HACKER Q&A
📣 crummy

How do you managing staging database content?


You have a staging environment, or maybe a bunch of them, that you push code to. The code is short-lived but you have a database as well. What do you put in this staging database? Some options I can think of:

1. Staging DB spins up empty. You create a user during use, probably data is never cleaned, reproducing prod issues is kind of a pain.

2. Staging DB is populated with some dummy data from scripts, possibly as part of deployment. Nice but you have to maintain the scripts.

3. Staging gets a copy of prod. Great for reproducing issues from prod, and possibly viable at small scale, but has some security issues - you'd probably need to censor some columns.

Perhaps there are other options, or ways to alleviate the pain here?


  👤 tony-vlcek Accepted Answer ✓
Also 2, as part of migrations:

There 3 types of migration files/scripts: structure, basic-data, dummy-data.

structure - new table, add column goes here basic-data - e.g. default config values go here dummy-data - gets used on local and stating

Run migrations with a flag to include the dummy-data migrations.


👤 alganet
It depends on where the rest of the team is.

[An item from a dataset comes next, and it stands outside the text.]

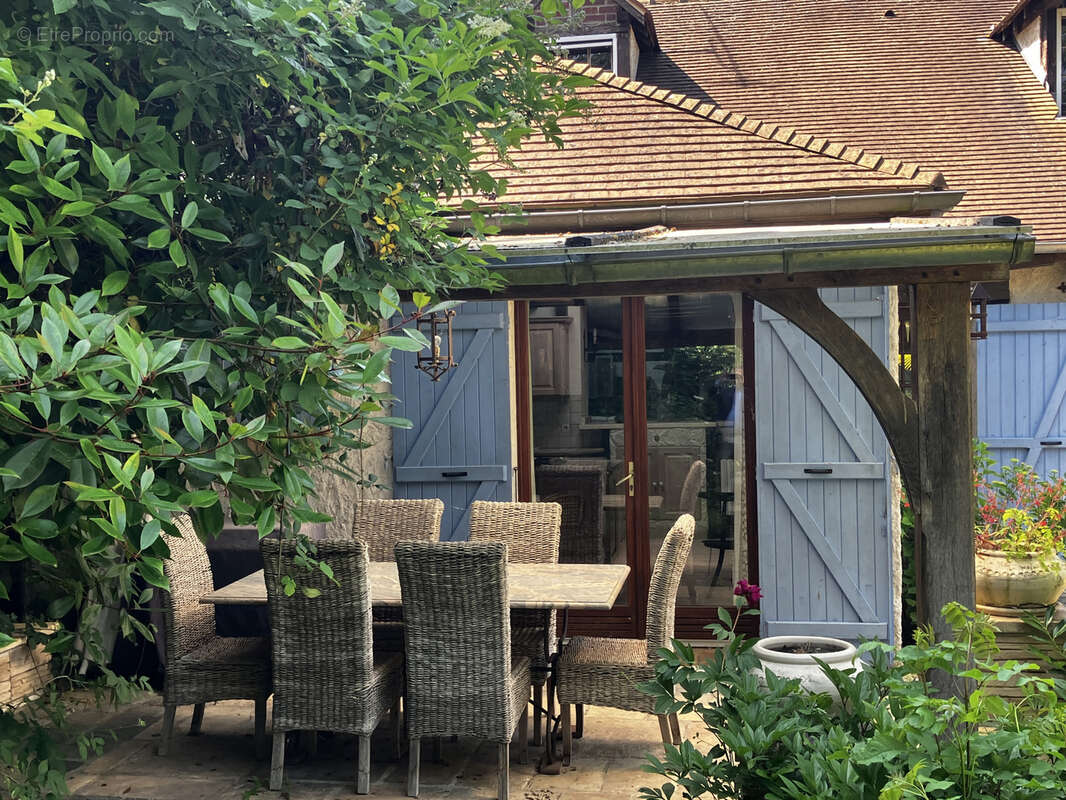 Maison à PACY-SUR-EURE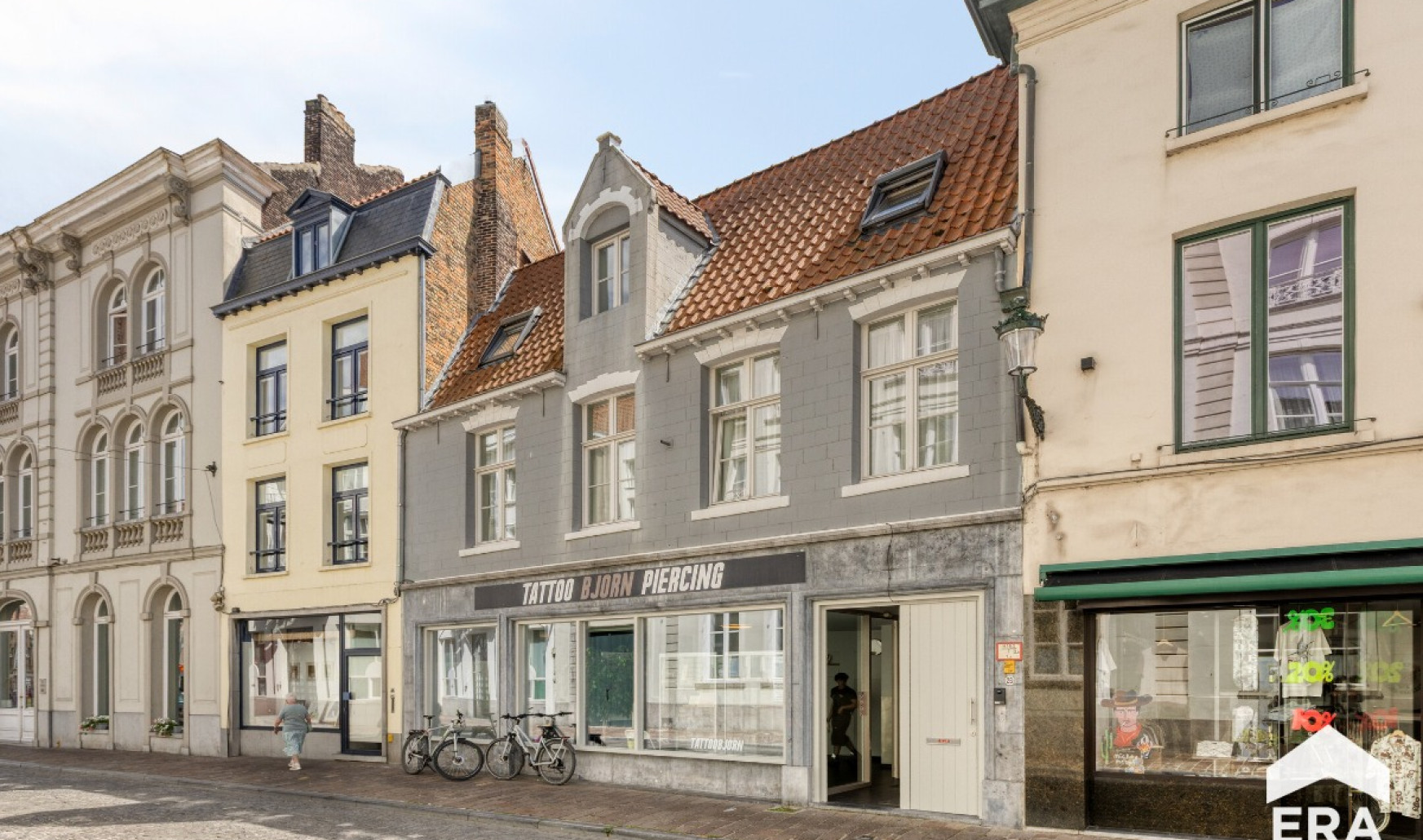 Langestraat - 26 - - 8000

Have they gone through the experience of having a persistent staging environment that slowly drifts from production (1)? If they haven't, they can't possibly understand why that is a bad idea. I'll just go with the flow until they realize. Maybe I'll hint at the possible issues sometimes.

Have they figured out that copying prod is a bad idea (3)? If they haven't, same thing. They can't understand why that sucks and why that's not true reproducibility.

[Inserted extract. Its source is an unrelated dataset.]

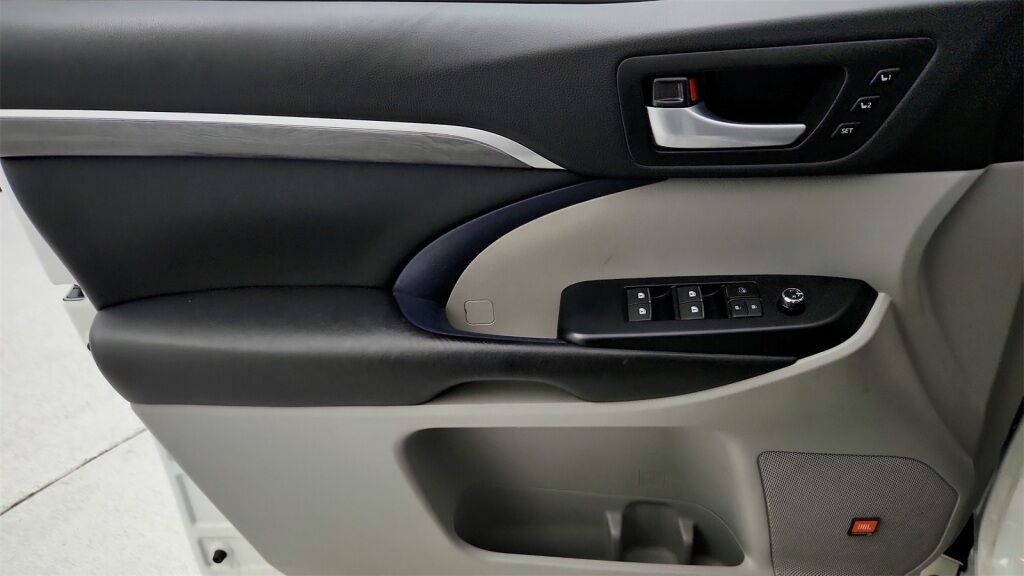 2017 Toyota Highlander Hybrid Limited Laurel MD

Finally, (2). Fixtures! It's also a journey. There are so many things that can go wrong. Knowing those things depends on having gone through those journeys with a persistent staging and production copies.

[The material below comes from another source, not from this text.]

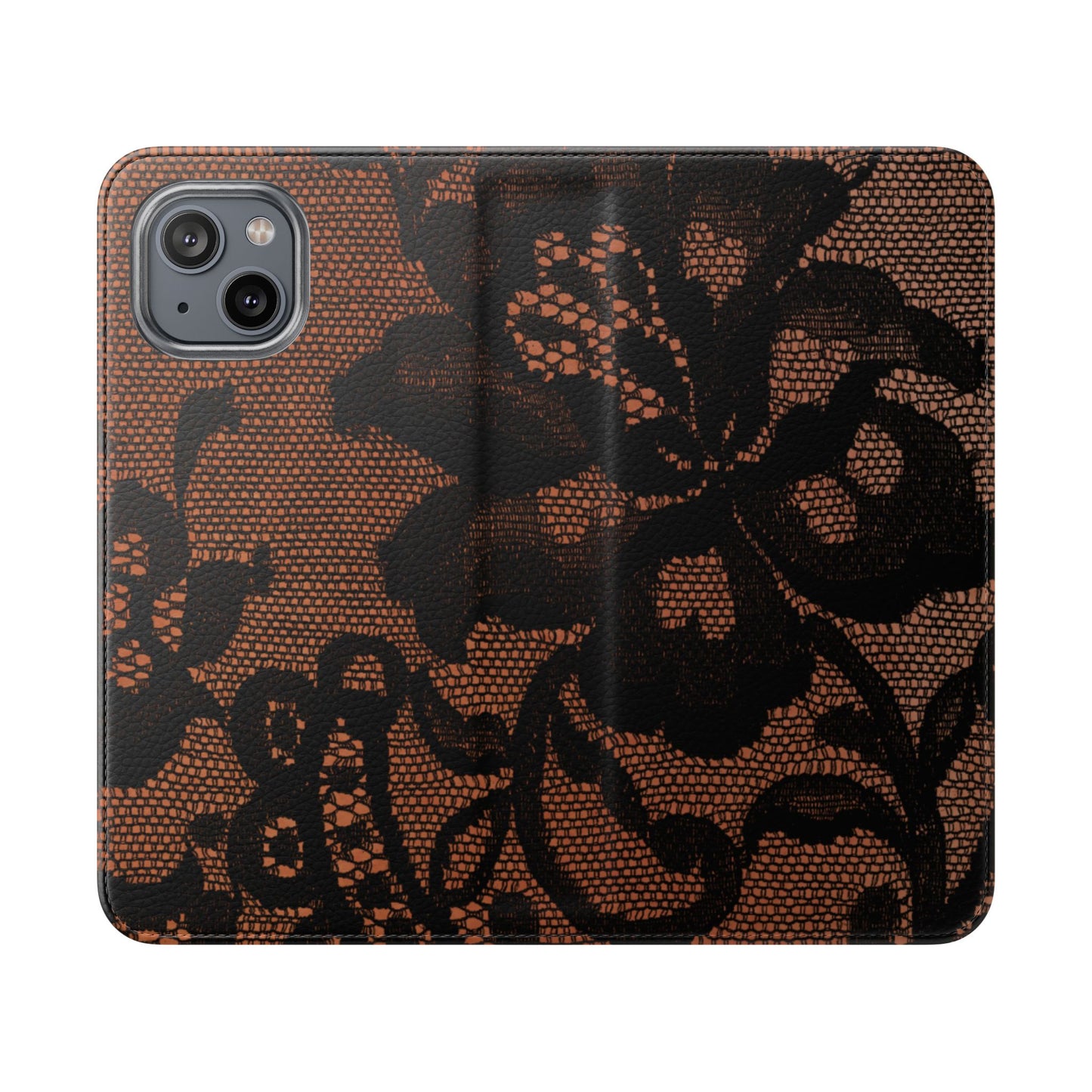 Flip Case – Ember Lace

There is no relief from the pain. No magic bullet. No product or solution that will ever solve this. You have to go through those stages. If you're lucky, someone will guide you through them (in practice). The journey can be sped up, but I haven't seen a shortcut that works (like forcing the team to adopt a practice without them internalizing it).


👤 noir_lord
4) is same as three but you take a subset of the data with correct relations, anonymise it carefully and use that, it has a lot of complexity at scale but is about as faithful as I’ve seen, it’s also one of those tools that forever requires maintenance as the core db mutates.

For local devs, seeding the database with plausible correct data works pretty well.